Elsewhere in Twins Territory:
- The Ringer thinks the potential three-way AL Central race could be the most interesting division race to watch in 2020. Honestly I would prefer the Twins just dominate and I don’t have to worry until October. I have my own problems, I don’t need to be panic attacking about baseball on top of it!
- The Star Tribune profiles all-around cool lady and the Twins long time spring training box office supervisor, Patty Creem. I don’t know why I always love hearing about the regular people who keep the show running doing thankless jobs. If you ever sold hot dogs or some shit at Target Field, e-mail me. I’ll tell the world how cool you are.
- I probably won’t actually do that, sorry.
- Double Agent Cooper Carlson explains how Homer Bailey could actually be a really solid pitcher for the Twins in 2020.
Around the World in Bases and Ballzzzzzzz
- Another good profile piece here, this time a San Francisco Chronicle article on a former Giants prospect turned lawyer who is battling the MLB to get minor league players a living wage.
- Many words have been written about Yoenis Cespedes giving himself leg-death by falling in a hole while sidestepping a boar, which really feels like something that would have happened to a ballplayer in 1880, not 2019. Here’s more words on that! And here is more words on 1800s baseballers.
Old-Timey Baseballer of the Week:
Damn, what a glorious transition in the glorious return of this column. I’m so great at this writing thing.
Anyway, James Francis “Pud” Galvin was born in 1856 in the Irish neighborhood of Kerry Patch in St. Louis Missouri, and because all the best stories star 19th century Irishmen, little Pud was to be destined for both greatness and infamy.
Pud made his pro debut in 1875 for the St. Louis Brown Stockings (Eww.) Showing no loyalty to his home town, Pud switched teams the next season and played for the Buffalo Bisons, which is one hell of a confusing name. It was with the Bisons Buffalo that lil’ Pud made history, becoming the first pitcher to throw a no-hitter on the road, achieving the feat against the, sigh, Worcester Worcesters. Apparently naming a team something not dumb wasn’t invented until the 1900s.
Pud, whose nickname came from how his pitches made hitters look “like pudding” - whatever the crap that means - would have an illustrious career, winning 365 games (the first player to reach 300 wins) and landing himself in the hall of fame. No one cares about that, though. His wins will be forever shrouded by something else he’s known for.
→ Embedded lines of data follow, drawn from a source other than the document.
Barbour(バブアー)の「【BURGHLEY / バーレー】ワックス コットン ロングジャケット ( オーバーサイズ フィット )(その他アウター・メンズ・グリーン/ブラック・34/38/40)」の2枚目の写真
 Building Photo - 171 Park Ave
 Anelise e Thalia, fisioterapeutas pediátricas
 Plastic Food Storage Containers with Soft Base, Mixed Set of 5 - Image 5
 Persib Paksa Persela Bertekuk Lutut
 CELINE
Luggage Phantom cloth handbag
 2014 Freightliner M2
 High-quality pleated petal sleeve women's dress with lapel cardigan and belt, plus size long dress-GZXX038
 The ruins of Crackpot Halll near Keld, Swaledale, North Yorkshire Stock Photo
300 Wins wasn’t his only first, Puddy Buddy was also the first player to try performance enhancing drugs. Galvin used an “elixir” concocted by Mauritanian physiologist Charles-Édouard Brown-Séquard, and yes I did have to copy and past that name. What was in this mighty elixir you ask? Why extract from monkey testicles of course. Sounds rad, inject me up bro. (Please don’t fire me for this, TJ.)
In his time no one cared about this, presumably because everyone was injecting various animal ball-juice into themselves and/or too busy worrying about dying of dysentery and becoming a member of the, ugh, brown stockings.
One last note on our hero before we go. You might not have imagined him too vividly in your head, but trust me, he looks EXACTLY like he should.